Each line that has the string "Beige" must be copied from the records below.

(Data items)
· · ·

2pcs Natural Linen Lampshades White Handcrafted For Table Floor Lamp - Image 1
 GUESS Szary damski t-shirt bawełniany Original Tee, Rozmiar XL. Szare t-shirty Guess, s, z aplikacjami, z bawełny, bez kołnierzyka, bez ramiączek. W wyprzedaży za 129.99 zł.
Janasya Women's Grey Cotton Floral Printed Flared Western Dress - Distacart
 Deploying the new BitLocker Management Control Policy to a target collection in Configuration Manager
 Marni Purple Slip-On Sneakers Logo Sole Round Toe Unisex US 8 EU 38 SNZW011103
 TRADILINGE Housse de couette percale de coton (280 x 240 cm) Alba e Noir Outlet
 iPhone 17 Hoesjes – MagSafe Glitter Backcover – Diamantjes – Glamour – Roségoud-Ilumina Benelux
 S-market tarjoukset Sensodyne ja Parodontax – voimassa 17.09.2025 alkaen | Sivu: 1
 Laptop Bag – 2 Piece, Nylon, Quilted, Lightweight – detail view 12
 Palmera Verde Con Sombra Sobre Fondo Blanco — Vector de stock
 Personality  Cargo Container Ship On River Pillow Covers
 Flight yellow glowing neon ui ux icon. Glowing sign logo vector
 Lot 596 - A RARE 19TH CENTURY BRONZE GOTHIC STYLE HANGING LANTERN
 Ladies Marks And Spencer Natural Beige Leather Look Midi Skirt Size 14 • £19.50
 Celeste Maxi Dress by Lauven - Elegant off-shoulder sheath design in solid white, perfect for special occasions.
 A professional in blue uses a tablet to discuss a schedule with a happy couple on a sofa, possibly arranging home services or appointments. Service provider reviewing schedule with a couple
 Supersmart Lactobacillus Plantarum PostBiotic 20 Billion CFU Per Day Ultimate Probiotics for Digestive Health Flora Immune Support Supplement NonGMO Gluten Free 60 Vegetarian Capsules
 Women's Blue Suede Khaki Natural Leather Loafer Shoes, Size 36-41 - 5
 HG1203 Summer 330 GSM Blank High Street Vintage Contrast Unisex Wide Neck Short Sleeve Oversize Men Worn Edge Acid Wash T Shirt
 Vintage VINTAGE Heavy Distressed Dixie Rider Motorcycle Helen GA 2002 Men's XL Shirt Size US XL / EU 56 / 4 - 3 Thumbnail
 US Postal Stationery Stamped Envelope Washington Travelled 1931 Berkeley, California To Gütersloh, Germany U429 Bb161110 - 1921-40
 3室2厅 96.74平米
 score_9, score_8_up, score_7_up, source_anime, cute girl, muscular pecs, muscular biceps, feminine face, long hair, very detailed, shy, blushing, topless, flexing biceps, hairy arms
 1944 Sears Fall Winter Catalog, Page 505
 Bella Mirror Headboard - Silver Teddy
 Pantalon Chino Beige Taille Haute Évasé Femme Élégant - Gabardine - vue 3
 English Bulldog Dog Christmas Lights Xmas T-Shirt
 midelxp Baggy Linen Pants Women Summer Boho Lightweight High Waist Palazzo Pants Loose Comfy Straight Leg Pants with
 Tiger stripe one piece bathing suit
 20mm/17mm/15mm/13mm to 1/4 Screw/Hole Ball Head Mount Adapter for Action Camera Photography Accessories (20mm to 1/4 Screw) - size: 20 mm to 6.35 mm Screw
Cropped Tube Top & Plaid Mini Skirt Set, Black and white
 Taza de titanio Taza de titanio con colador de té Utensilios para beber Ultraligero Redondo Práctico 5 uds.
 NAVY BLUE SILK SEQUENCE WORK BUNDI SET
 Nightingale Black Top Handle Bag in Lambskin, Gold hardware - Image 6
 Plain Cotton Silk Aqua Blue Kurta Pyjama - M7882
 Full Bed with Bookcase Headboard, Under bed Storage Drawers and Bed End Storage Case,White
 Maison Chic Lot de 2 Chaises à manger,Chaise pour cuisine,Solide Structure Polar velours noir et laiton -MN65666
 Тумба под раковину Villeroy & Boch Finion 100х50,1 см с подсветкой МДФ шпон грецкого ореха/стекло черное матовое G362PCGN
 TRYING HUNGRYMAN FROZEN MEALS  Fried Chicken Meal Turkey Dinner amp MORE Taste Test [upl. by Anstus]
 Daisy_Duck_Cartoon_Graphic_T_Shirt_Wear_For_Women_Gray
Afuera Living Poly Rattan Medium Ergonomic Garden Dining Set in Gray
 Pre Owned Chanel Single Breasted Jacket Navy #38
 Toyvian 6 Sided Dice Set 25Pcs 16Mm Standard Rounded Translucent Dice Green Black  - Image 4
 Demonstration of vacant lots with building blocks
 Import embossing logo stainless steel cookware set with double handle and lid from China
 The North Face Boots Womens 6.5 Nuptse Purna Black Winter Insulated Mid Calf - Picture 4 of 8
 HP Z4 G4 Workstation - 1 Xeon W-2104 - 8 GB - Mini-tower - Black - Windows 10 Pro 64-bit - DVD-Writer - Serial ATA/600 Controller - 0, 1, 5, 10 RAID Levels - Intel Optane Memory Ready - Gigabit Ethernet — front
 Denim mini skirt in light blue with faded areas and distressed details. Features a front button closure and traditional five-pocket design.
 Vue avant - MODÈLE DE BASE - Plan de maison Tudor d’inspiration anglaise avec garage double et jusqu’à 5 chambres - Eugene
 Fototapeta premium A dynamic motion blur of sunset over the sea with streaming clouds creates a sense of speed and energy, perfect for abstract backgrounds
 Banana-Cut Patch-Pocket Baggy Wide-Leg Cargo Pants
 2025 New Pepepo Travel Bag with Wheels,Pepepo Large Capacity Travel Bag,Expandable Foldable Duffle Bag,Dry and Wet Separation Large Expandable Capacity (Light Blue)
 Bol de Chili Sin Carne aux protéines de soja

· · ·

[Exercise answer]
 Ladies Marks And Spencer Natural Beige Leather Look Midi Skirt Size 14 • £19.50
 Pantalon Chino Beige Taille Haute Évasé Femme Élégant - Gabardine - vue 3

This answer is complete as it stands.